Garbsen. Der wachsende Bedarf habe in den vergangenen Jahren nicht mehr gedeckt werden können, sagte Stadtbaurat Frank Hauke am Donnerstagabend bei der Vorstellung der Wohnbauoffensive. Gründe für Wohnungsbau gebe es viele. Er nannte als Stichworte den demografischen Wandel, Studentenzuzug, sich ändernde Familienstrukturen und Lebensentwürfe, sowie Flüchtlinge, die dauerhaft untergebracht werden müssten.

Aus den Fraktionen waren deutliche Worte zu hören: Es habe unter dem früheren Bürgermeiser Alexander Heuer einen unerklärlichen Stillstand gegeben, „obwohl wir Beschlüsse gefasst haben“, sagte CDU-Fraktionsvorsitzender Heinrich Dannenbrink. Die CDU/FDP-Gruppe freue sich, dass es „nun endlich weitergeht“. Ähnlich äußerte sich Günther Petrak, Fraktionsvorsitzender der Unabhängigen.

Martin Fochler (SPD) sagte, die SPD werde - hier und da auch zähneknirschend - der Offensive zustimmen, bis auf die Berenbosteler Flächen 5 (wichtiger Grünzug) und 7 (Badepark). Die SPD hat sich schon Gedanken gemacht, wo sie eine verdichtete Bebauung mit mehrgeschossigen Häusern (in Garbsen-Mitte) und wo sie eher eine „ländlich angepasste Bauweise“ sehen möchte, mit Ein- und Zweifamilienhäusern (in Meyenfeld). Die Grünen wollen detailliertere Übersichten im Hinblick auf den Natur- und Artenschutz.

Die Verwaltung hat die Areale nach Lage, Nutzung (als Ackerland oder Grünfläche), Baurechtsstatus, Besitzverhältnissen und „Restriktionen“ aufgelistet, das meint Einschränkungen wie notwendige Schallschutzmaßnahmen, Artenschutzprüfungen, Erhaltung von ortsbildprägendem Grün, Bau von Regenrückhaltebecken, Nähe von Landschaftsschutzgebieten, Berücksichtigung von Friedhofserweiterungen und anderes.

Berenbostel: sieben Flächen, insgesamt rund 30 Hektar.
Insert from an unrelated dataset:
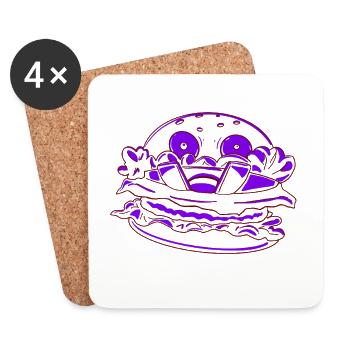 Monstermäßiger Burger - Untersetzer (4er-Set) - Weiß - Vorne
Die SPD will der Bebauung der Flächen 5 (erhaltenswerter Grünzug) und 7 (Badepark) nicht zustimmen.

Meyenfeld: der größte Brocken, insgesamt rund 45 Hektar.

Horst: vier Flächen, insgesamt rund 20 Hektar.

Garbsen-Mitte: zwei Flächen, insgesamt rund 13 Hektar, unbeschadet der Flächen für Gewerbeansiedlung und andere Belange, sowie Altgarbsen: eine Fläche im Mischgebiet, nahe dem Sportplatz, das birgt Konfliktpotenzial.

Die Diskussion hat gerade erst begonnen. Eine detailliertere Vorlage wird ab Februar durch die Gremien gehen, angefangen bei den Ortsräten.